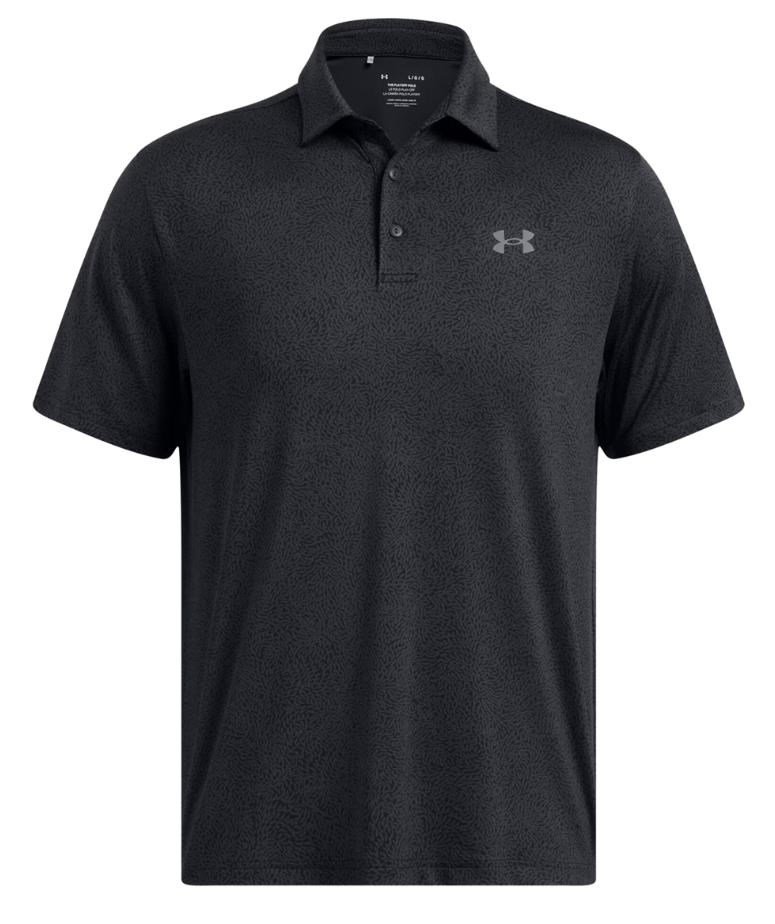 Under Armour Playoff 3.0 Printed polo homme, noir/anthracite/castlerock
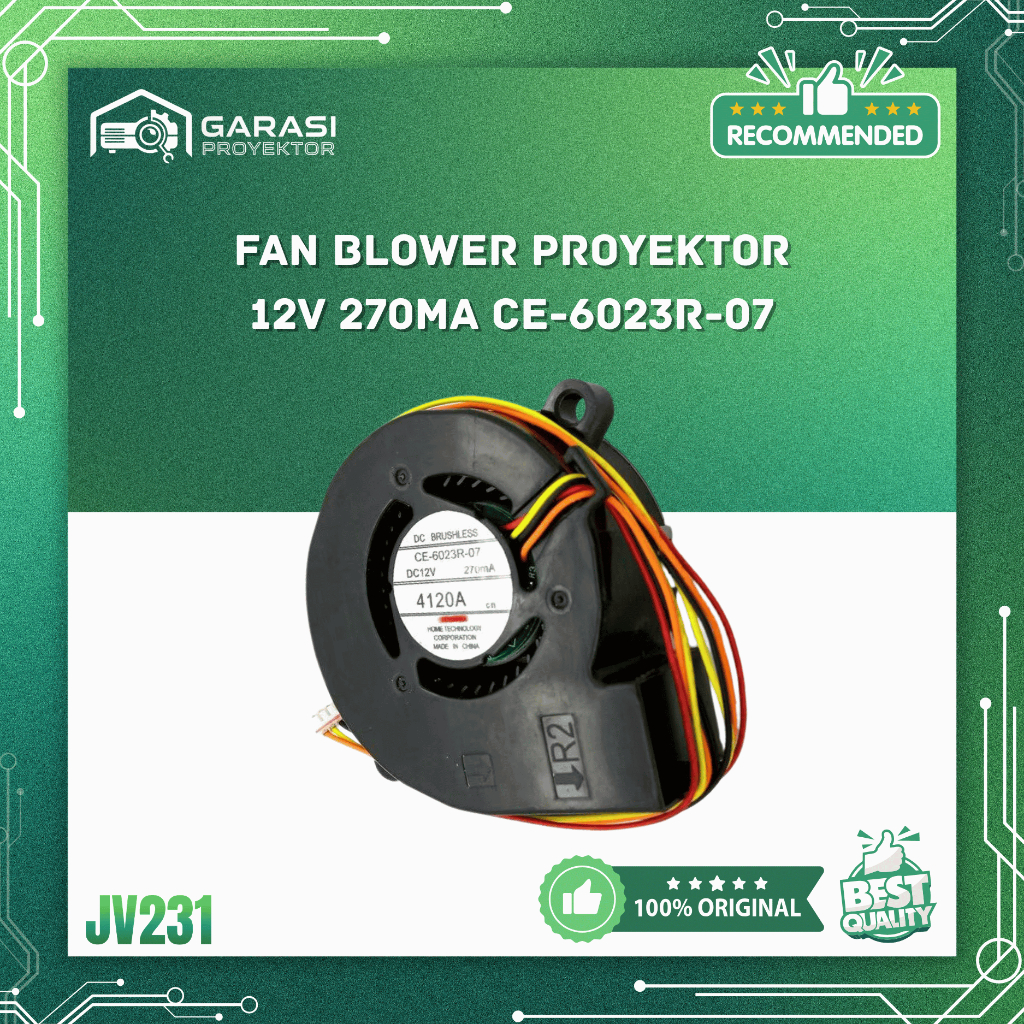 [Garasi Proyektor] Fan Blower 12V 270mA CE-6023R-07 | Fan Blower Proyektor - Kipas Pendingin untuk P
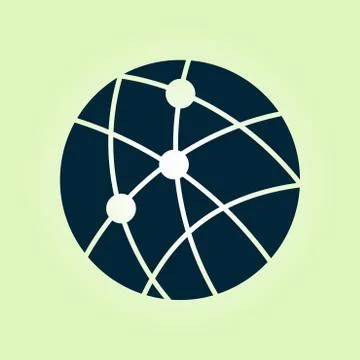 Globe social network vector icon Illustrazione stock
============================================================
## Action item
Once the line with "[Garasi Proyektor] Fan" is found, output it and every line after it through the end of the listing, exactly, without pictures.

## Exercise result
 [Garasi Proyektor] Fan Blower 12V 270mA CE-6023R-07 | Fan Blower Proyektor - Kipas Pendingin untuk P
 Globe social network vector icon Illustrazione stock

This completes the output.